If you are in the early stages of operation or even the planning and setup of your business, you may find you need additional capital to run things smoothly. Maybe you have a family-owned business or don’t want to relinquish any control to venture capitalists and shareholders. If this is the case, a strong option for help with funding is debt financing.

As an alternative option to equity financing, which is a way of raising capital by selling ownership interest, or shares of the business, debt financing promises repayment of the principal amount, along with interest, in return for loaned funding. This can be accomplished by selling bills, bonds or notes to both institutional and individual investors, in turn, making them the creditor on a promise to repay. This way, the startup does not have to essentially answer to, or request approval from anyone outside of the organization, and the owner can retain complete control.

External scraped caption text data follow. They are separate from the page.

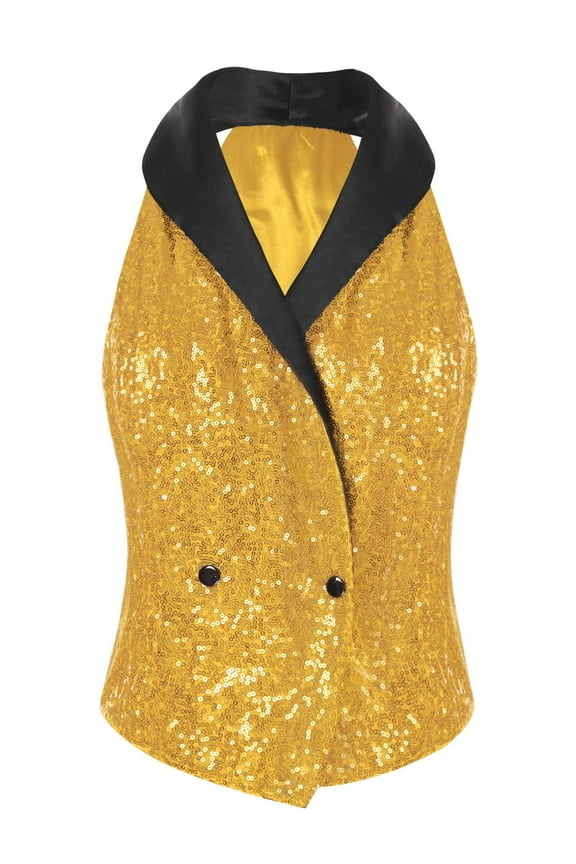 Womens Sequins Suit Vest Lapel Sleeveless Glitter Sparkly Dressy Waistcoat for Rave Dance Party Gold XXL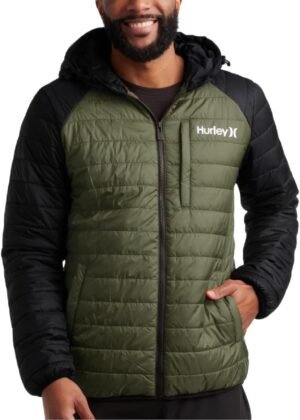 Hurley Men's Jacket - Balsam Lightweight Packable Puffer Coa...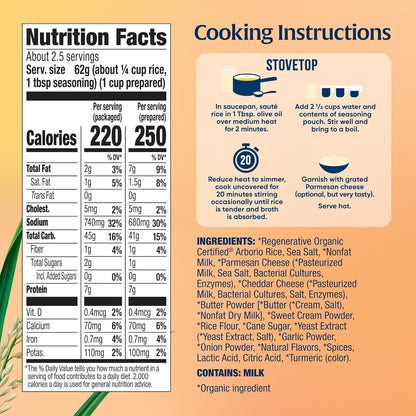 Organic Creamy Parmesan Risotto Seasoned Rice - Regenerative Organic Certified Arborio Rice & Seasoning Mix, Gluten Free, 5.5 Ounce Box - WORLD TIME VISITS
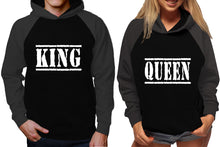 Load image into Gallery viewer, King and Queen raglan hoodies, Matching couple hoodies, Charcoal Black King Queen design on man and woman hoodies
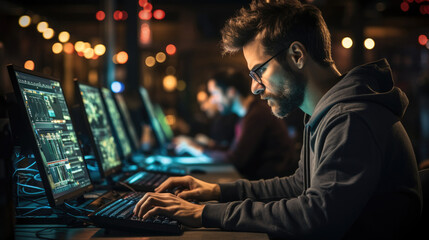 A man write programming code at their setup in night. Generative AI.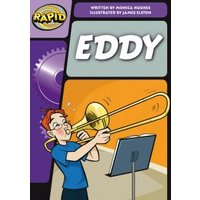 Comic book titled "Eddy" featuring a boy playing a trombone, with a purple gear design in the background.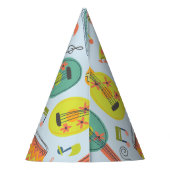 Fijne verjaardag. Muziekinstrumenten. Feesthoedjes (Achterkant)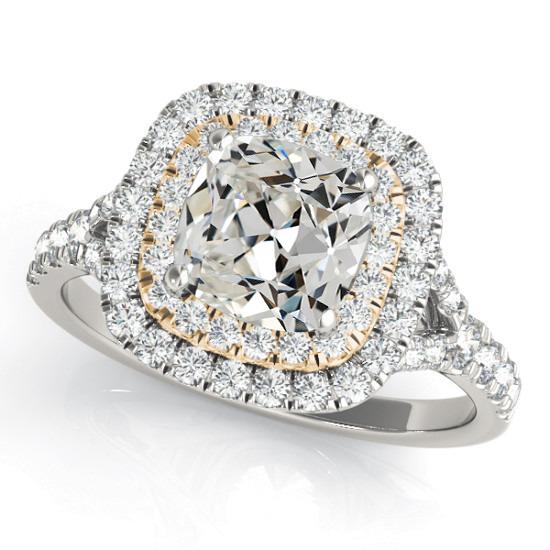 Damen Doppel Halo Ring Kissen Altschliff Echt Diamant 8 Karat Zweifarbig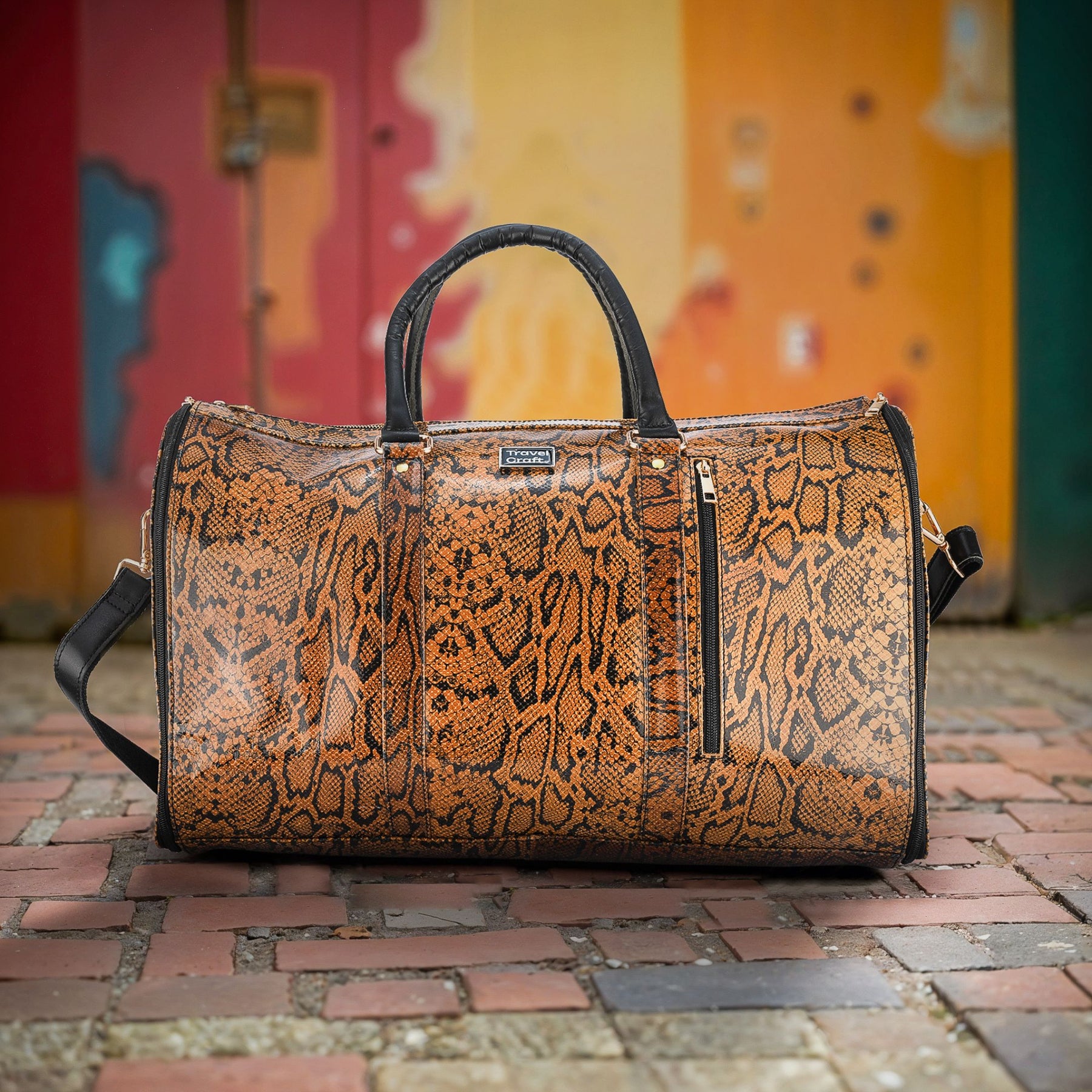 Women's Stylish Snake Skin 20" Garment Duffel Bag - Clothing & Essentials Carrier
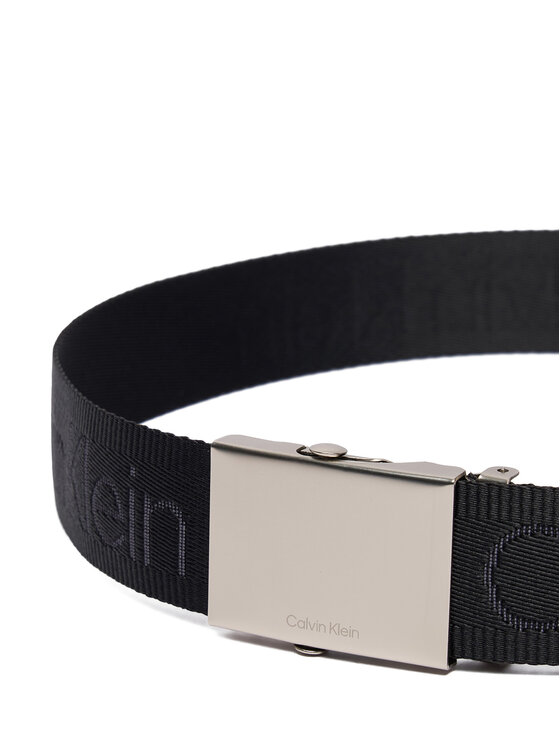 Calvin Klein Vīriešu josta Calvin Klein Logo Webbing Plaque 38Mm Fixed LV04D7075G Melns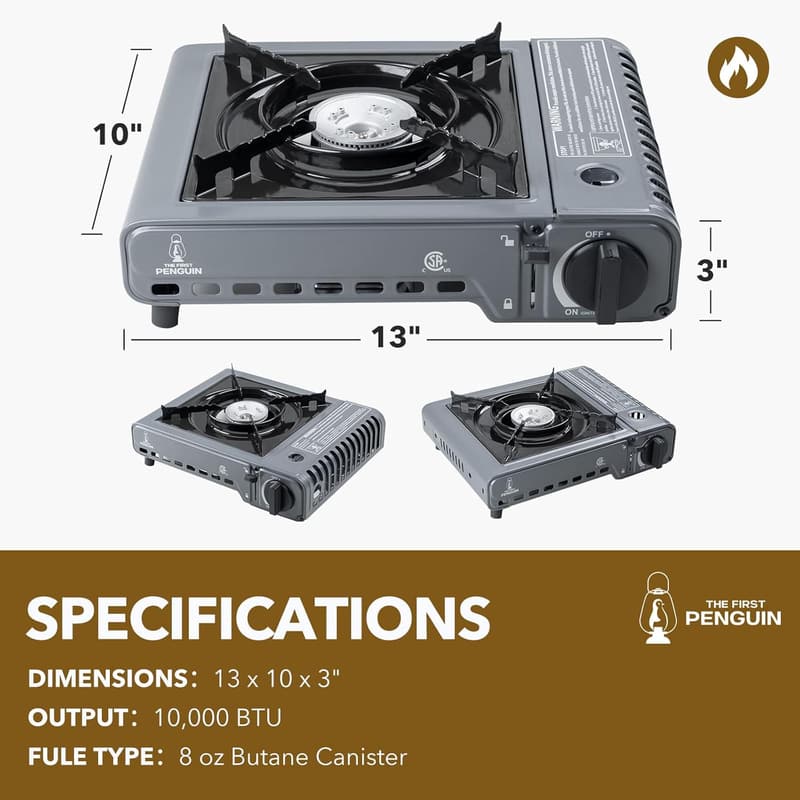 Portable Camping Stove with Carrying Case - 10,000 BTU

Understanding your options and having a solid business plan can help protect the enterprise from becoming overleveraged, or carrying more debt than it can feasibly pay off in a timely and non-catastrophic manner.

When your privately funded or closely-held company is in the early stages of formation and planning, it may prove very beneficial to retain an attorney who is readily available and who will work so intrinsically that it feels as if they are in-house. You will likely go through various levels and needs for funding over the lifetime of your business. Having an attorney who knows your requirements as they pertain to your specific enterprise and knows the caveats of each type of funding could keep you from making costly mistakes.